[[ DATA TO PROCESS open ]]

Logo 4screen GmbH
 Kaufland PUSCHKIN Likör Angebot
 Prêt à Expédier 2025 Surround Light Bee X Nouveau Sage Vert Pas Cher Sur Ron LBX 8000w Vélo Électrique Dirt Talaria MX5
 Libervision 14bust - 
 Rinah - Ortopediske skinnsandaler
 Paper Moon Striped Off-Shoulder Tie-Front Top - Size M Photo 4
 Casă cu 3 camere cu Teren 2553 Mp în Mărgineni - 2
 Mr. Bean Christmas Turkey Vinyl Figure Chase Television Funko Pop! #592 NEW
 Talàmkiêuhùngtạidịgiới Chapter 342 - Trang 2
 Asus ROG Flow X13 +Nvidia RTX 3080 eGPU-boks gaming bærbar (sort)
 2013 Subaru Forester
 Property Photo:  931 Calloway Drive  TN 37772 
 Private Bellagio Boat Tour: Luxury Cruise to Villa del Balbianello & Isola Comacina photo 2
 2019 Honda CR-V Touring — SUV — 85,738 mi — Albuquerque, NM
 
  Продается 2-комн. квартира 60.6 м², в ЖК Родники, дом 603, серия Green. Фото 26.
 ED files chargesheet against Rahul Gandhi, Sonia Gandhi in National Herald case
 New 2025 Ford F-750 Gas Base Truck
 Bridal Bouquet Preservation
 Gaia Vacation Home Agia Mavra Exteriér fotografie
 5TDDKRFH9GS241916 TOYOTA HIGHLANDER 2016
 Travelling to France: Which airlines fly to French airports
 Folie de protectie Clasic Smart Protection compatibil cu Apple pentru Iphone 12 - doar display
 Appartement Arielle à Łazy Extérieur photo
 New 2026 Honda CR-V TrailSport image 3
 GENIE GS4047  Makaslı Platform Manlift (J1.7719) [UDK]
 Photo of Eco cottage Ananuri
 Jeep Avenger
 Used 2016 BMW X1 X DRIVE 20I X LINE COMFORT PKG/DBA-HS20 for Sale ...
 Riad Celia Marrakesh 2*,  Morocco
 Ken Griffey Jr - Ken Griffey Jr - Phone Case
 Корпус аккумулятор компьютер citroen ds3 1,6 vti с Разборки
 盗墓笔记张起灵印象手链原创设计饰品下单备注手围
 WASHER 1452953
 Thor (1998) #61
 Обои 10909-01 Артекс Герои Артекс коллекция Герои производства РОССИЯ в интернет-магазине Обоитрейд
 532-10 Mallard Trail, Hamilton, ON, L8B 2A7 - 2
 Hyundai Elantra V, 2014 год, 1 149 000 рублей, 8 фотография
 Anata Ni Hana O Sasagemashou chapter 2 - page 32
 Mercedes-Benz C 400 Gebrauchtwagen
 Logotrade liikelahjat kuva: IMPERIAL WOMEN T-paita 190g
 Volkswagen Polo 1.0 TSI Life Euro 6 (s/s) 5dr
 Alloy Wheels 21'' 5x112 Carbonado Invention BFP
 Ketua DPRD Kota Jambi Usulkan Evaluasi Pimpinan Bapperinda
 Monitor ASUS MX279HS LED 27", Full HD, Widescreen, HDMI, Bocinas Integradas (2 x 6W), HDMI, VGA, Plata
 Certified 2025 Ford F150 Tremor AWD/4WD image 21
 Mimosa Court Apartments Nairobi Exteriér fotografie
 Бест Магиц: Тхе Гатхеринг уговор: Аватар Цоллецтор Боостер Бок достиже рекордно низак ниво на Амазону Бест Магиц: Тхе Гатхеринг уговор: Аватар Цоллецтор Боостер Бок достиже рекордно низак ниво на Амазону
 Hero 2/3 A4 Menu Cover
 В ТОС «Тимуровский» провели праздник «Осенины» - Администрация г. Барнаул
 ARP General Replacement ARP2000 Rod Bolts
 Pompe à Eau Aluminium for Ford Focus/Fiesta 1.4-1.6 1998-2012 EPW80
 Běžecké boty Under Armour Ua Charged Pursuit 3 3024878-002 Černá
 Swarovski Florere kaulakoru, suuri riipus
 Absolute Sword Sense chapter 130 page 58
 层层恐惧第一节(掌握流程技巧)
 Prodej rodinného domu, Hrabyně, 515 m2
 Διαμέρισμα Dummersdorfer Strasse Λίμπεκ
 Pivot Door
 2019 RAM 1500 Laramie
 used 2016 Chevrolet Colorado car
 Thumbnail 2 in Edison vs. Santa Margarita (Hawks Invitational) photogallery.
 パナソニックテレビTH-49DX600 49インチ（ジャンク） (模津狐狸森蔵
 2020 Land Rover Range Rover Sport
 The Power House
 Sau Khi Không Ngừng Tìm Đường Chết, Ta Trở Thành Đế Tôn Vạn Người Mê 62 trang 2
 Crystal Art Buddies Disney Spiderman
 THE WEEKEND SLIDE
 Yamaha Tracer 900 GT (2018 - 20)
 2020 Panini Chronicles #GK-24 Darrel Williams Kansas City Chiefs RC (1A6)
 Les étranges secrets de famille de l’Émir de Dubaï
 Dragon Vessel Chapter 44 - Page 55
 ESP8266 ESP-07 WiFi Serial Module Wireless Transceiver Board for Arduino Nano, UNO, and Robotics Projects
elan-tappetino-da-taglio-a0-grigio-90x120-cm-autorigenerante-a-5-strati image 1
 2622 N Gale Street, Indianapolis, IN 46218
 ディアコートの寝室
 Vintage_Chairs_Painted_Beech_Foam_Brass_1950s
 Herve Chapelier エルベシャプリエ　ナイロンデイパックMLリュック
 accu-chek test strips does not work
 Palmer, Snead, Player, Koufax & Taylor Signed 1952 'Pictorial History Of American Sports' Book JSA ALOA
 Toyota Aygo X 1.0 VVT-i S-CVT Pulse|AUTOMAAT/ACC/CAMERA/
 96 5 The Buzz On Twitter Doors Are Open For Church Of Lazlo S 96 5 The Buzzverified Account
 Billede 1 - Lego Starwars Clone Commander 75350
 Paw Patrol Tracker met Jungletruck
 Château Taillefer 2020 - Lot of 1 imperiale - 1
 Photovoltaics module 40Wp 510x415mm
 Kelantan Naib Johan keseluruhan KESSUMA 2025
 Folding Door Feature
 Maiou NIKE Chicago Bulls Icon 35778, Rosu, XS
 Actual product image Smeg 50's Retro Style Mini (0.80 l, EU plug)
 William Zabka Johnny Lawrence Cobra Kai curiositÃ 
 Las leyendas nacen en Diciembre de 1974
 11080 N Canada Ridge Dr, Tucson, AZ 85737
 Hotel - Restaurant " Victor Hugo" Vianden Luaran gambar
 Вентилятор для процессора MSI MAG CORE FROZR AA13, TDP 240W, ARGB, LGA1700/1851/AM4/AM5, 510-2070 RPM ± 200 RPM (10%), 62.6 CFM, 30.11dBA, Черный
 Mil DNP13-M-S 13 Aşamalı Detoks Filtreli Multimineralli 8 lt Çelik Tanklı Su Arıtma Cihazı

[[ DATA TO PROCESS closed ]]

_PROBLEM_.
Copy out whichever lines of the listing contain the word "image".

_ANSWER TO THE PROBLEM_.
 New 2026 Honda CR-V TrailSport image 3
 Certified 2025 Ford F150 Tremor AWD/4WD image 21
elan-tappetino-da-taglio-a0-grigio-90x120-cm-autorigenerante-a-5-strati image 1
 Actual product image Smeg 50's Retro Style Mini (0.80 l, EU plug)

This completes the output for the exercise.